Data under study =
Start of Block

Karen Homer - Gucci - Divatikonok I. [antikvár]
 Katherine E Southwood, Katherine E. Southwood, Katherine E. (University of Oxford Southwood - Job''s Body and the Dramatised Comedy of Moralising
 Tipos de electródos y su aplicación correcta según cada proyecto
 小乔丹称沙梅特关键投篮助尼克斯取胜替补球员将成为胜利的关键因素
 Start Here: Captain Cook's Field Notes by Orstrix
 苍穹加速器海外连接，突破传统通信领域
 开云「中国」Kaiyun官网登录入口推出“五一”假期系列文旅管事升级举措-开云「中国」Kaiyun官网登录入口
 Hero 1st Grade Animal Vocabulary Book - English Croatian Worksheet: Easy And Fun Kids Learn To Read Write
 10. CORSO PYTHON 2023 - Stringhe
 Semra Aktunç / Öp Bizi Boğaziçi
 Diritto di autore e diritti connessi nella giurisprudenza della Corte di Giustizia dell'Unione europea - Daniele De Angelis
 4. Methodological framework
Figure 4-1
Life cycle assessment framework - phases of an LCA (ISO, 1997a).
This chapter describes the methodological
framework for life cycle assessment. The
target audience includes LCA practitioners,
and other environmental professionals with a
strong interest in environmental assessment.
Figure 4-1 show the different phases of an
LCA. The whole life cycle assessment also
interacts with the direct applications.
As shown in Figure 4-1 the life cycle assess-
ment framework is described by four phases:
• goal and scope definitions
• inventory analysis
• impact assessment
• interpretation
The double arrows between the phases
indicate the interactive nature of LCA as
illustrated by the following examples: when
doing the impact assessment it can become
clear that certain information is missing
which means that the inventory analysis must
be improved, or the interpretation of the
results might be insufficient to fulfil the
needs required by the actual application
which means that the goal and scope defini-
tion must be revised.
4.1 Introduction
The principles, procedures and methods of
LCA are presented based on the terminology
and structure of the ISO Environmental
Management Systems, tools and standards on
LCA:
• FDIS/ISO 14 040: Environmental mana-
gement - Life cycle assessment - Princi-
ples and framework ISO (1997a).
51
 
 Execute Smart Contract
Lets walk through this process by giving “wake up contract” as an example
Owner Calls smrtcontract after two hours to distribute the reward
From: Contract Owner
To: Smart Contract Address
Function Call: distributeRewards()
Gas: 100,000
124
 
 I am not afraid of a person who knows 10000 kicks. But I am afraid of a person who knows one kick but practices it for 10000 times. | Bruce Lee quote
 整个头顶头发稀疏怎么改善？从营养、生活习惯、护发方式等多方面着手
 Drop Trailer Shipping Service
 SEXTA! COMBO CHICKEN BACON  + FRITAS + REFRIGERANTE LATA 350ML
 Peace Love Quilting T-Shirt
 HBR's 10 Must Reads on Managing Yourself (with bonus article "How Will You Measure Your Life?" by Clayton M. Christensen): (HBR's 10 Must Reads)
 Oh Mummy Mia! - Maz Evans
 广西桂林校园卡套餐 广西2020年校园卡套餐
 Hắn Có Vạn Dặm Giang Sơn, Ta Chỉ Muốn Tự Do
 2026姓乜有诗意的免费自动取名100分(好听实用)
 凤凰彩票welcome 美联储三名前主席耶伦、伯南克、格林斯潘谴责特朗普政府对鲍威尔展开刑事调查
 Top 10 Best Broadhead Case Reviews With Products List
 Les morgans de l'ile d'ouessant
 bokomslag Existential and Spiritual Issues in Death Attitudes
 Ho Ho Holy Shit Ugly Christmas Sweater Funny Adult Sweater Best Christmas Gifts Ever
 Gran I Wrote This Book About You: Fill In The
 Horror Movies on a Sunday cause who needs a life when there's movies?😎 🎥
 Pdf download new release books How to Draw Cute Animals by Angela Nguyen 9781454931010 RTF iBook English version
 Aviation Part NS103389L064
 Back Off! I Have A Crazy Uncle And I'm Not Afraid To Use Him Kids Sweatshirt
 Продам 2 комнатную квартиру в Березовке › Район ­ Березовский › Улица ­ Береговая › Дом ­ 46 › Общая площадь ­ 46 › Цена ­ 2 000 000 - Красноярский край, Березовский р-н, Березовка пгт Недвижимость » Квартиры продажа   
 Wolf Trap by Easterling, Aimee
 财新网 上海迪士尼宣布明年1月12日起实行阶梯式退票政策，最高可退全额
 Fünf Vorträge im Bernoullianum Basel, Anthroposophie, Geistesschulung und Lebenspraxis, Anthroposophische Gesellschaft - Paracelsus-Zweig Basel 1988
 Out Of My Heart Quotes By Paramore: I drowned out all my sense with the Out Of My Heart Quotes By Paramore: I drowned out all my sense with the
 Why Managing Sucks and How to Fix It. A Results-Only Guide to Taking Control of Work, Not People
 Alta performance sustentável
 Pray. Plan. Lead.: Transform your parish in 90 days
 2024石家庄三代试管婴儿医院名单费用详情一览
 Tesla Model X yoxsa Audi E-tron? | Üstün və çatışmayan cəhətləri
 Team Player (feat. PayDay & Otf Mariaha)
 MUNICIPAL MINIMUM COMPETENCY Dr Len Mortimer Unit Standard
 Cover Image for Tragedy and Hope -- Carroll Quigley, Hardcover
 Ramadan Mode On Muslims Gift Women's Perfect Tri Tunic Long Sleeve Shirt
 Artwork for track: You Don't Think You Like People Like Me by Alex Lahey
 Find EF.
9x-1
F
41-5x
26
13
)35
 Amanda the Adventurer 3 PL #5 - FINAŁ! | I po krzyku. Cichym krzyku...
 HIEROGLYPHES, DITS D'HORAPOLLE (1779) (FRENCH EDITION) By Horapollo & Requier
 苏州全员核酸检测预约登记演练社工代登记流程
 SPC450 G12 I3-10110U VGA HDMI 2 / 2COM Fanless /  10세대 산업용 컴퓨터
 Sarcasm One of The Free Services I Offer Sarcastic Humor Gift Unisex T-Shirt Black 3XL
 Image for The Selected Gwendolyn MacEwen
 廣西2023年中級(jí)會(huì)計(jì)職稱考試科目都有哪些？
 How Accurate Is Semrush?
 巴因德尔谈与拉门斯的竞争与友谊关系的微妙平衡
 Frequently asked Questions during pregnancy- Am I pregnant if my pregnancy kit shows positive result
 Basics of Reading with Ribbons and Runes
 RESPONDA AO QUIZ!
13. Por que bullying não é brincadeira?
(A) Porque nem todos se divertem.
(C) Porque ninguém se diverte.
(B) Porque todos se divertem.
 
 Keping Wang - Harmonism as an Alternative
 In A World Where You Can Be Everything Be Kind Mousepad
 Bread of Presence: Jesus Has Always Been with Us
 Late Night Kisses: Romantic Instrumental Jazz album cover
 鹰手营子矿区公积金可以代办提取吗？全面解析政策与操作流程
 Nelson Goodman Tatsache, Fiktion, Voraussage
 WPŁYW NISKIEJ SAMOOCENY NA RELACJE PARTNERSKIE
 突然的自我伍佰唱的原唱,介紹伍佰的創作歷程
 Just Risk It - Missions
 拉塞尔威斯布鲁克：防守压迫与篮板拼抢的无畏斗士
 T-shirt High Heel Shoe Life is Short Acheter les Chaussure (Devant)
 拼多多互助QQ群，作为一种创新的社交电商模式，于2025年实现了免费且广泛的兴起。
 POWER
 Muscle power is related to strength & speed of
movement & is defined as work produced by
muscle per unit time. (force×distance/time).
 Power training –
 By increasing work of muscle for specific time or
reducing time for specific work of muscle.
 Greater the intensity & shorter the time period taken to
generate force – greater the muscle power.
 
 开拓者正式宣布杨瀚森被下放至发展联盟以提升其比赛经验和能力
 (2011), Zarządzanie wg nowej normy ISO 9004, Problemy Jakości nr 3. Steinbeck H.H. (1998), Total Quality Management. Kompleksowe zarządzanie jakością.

End of Block

Try it =
Your answer must consist solely of the lines from the top of the entries above through the line containing "target audience includes", copied exactly, both ends included.

Solution for this task =
Karen Homer - Gucci - Divatikonok I. [antikvár]
 Katherine E Southwood, Katherine E. Southwood, Katherine E. (University of Oxford Southwood - Job''s Body and the Dramatised Comedy of Moralising
 Tipos de electródos y su aplicación correcta según cada proyecto
 小乔丹称沙梅特关键投篮助尼克斯取胜替补球员将成为胜利的关键因素
 Start Here: Captain Cook's Field Notes by Orstrix
 苍穹加速器海外连接，突破传统通信领域
 开云「中国」Kaiyun官网登录入口推出“五一”假期系列文旅管事升级举措-开云「中国」Kaiyun官网登录入口
 Hero 1st Grade Animal Vocabulary Book - English Croatian Worksheet: Easy And Fun Kids Learn To Read Write
 10. CORSO PYTHON 2023 - Stringhe
 Semra Aktunç / Öp Bizi Boğaziçi
 Diritto di autore e diritti connessi nella giurisprudenza della Corte di Giustizia dell'Unione europea - Daniele De Angelis
 4. Methodological framework
Figure 4-1
Life cycle assessment framework - phases of an LCA (ISO, 1997a).
This chapter describes the methodological
framework for life cycle assessment. The
target audience includes LCA practitioners,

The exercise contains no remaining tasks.